The ONFs are drawn to design radii of 390 nm that support the ${\mathrm{LP}}_{01}$ and ${\mathrm{LP}}_{11}$ mode families. We use a stable diode laser with $\lambda =794.98\text{\hspace{0.17em}}\mathrm{nm}\pm 0.01\text{\hspace{0.17em}}\mathrm{nm}$ (Vescent D2-100-DBR) to launch superpositions of all 6 modes in the ${\mathrm{LP}}_{01}$ and ${\mathrm{LP}}_{11}$ families [20] so beat frequencies between all possible pairs of propagating modes can be observed on the waist.

To detect the propagating light, we use a fiber probe with 6-μm-diameter waist that contacts the ONF from below with a crossing angle of 67 deg, as drawn in Fig. 2(a). Figure 2(b) shows an image of the probe fiber in contact with the ONF. The ONF has a taper angle $\mathrm{\Omega}=1\text{\hspace{0.17em}}\mathrm{mrad}$, a design waist ${R}_{w}=390\text{\hspace{0.17em}}\mathrm{nm}$, and a waist length $L=10\text{\hspace{0.17em}}\mathrm{mm}$. At ${R}_{w}=390\text{\hspace{0.17em}}\mathrm{nm}$, the waist supports all modes in the ${\mathrm{LP}}_{01}$ and ${\mathrm{LP}}_{11}$ families at $\lambda =795\text{\hspace{0.17em}}\mathrm{nm}$. A small crossing angle would provide excellent optical coupling to the probe fiber but would decrease the spatial resolution; a large crossing angle improves the spatial resolution but reduces optical coupling to propagating modes of the probe fiber. Our crossing angle is a compromise between these issues and restrictions due to optical mounts and the apparatus. The probe fiber is a standard, single-mode SM750 optical fiber tapered in the same pulling apparatus. Because this probe fiber is highly multimode in the waist, only a small percentage of the evanescently coupled light reaches the detector, which measures only the light guided in the probe fiber core. For our ONF, crossing angle, and probe fiber, the power detected is typically ${10}^{-5}-{10}^{-6}$ of the power propagating in the ONF waist (1–2 mW) for the modes of interest. The choice of probe radius is also governed by practical considerations: a smaller probe fiber would more efficiently collect light and have a higher spatial resolution if needed, but it would have poor mechanical stability. The probe fiber is kept under tension so fluctuations that could arise due to multimode interference are not observed.

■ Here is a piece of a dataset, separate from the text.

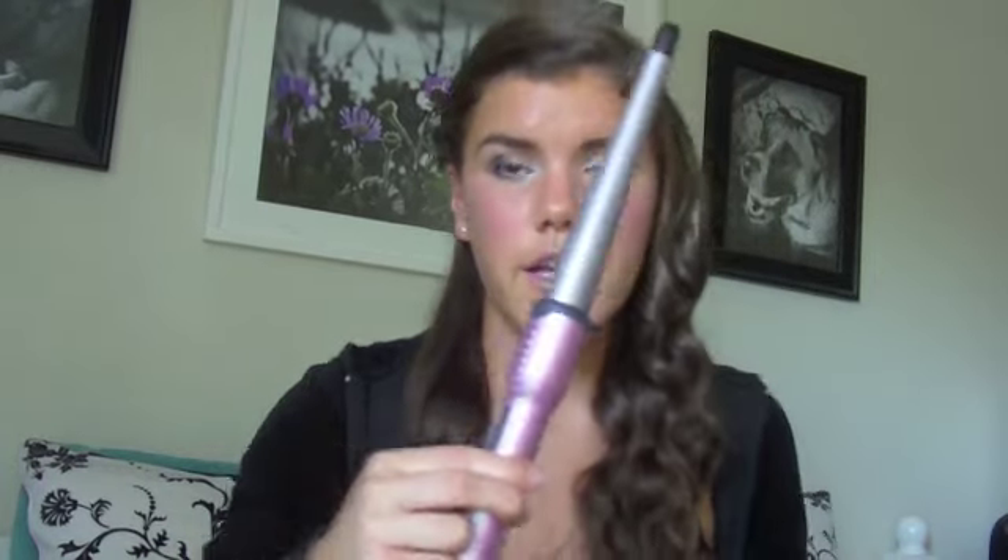I have the heat setting at 400 degrees. The reason it's so high is because these are really tight curls — definitely not those big wavy voluminous curls. You want a really high heat setting to ensure the curls are really tight, and that way you don't have to hold the hair on the barrel as long.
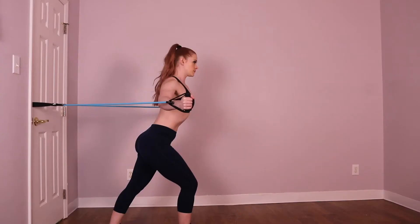Keep your elbows stiff and your arms slightly below the level of your shoulders throughout this exercise. Also, keep your shoulders down away from your ears and your chest pushed forward.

The contact point is translated at 20 μm/s over the ONF length (and is sampled every 20 nm) by the same high-resolution stepper motors used during ONF fabrication to measure the propagation behavior in the ONF. Although this approach could lead to scratches on the ONF [25] or mechanical vibrations, we monitored the transmitted power and intensity distribution and saw no degradation or transient effects indicating either one. We have found that speeds slower than this can result in discontinuous signals due to stick-slip between the two fibers, but the ideal speed depends also on the crossing angle and tension.

## 4. RESULTS

#### A. Propagation Behavior

Figure 3 shows the detected light as a function of the propagation distance ($z$) along the fiber. Figure 3(a) shows the detected power from about 15 mm before the center of the waist on the input taper and continues to 15 mm onto the output taper. The origin of the $x$-axis is the middle of the approximately 10-mm-long waist $L$. We choose this origin because the taper is nominally symmetric, making comparisons between the modal distribution in the input and output tapers apparent.

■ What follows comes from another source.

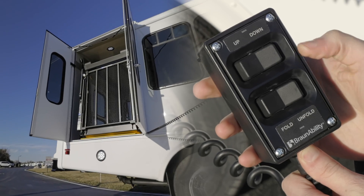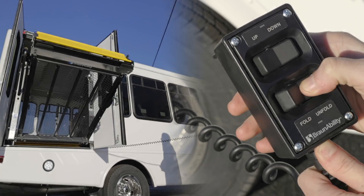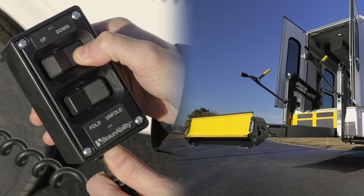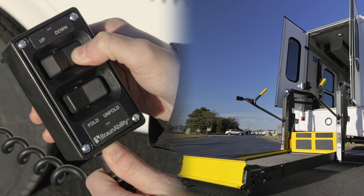First, you will want to hold down the unfold button to bring the lift down from its upright position. Once unfolded, hold the down button to then lower the lift to the ground, allowing easy access to roll onto the lift.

Several properties of the light propagation can be observed in Fig. 3. Because the field in the ONF is evanescently coupled to the probe fiber, the signal amplitude in Fig. 3(a) is largest on the waist ($|z|\le 5\text{\hspace{0.17em}}\mathrm{mm}$). The detected power is significantly greater and more heavily structured on the input taper ($z<-5\text{\hspace{0.17em}}\mathrm{mm}$) than on the output taper ($z>5\text{\hspace{0.17em}}\mathrm{mm}$), where the average signal amplitude smoothly decays with clean oscillations. This asymmetry is due to the nonadiabaticity of the pull, causing excitation of higher-order modes when the light guidance transitions from core-cladding guidance to cladding-air guidance. On the input taper, these higher-order modes reach the cutoff, eventually leaving only ${\mathrm{LP}}_{01}$ and ${\mathrm{LP}}_{11}$ to interfere on the waist and output taper. This leads to fewer observed beat frequencies, shown in the region from $z=4\u20138\text{\hspace{0.17em}}\mathrm{mm}$ of Fig. 3(b). Figures 3(b)–3(d) show successively narrower ranges of data near the output of the waist, with two beat length scales apparent in Fig. 3(d). The shorter length scale, with ${z}_{b}<5\text{\hspace{0.17em}}\mathrm{\mu m}$, is due to interference between the ${\mathrm{LP}}_{01}$ and ${\mathrm{LP}}_{11}$ modes; the structure with ${z}_{b}\simeq 60\text{\hspace{0.17em}}\mathrm{\mu m}$ is due to intramodal interference between members of the ${\mathrm{LP}}_{11}$ family.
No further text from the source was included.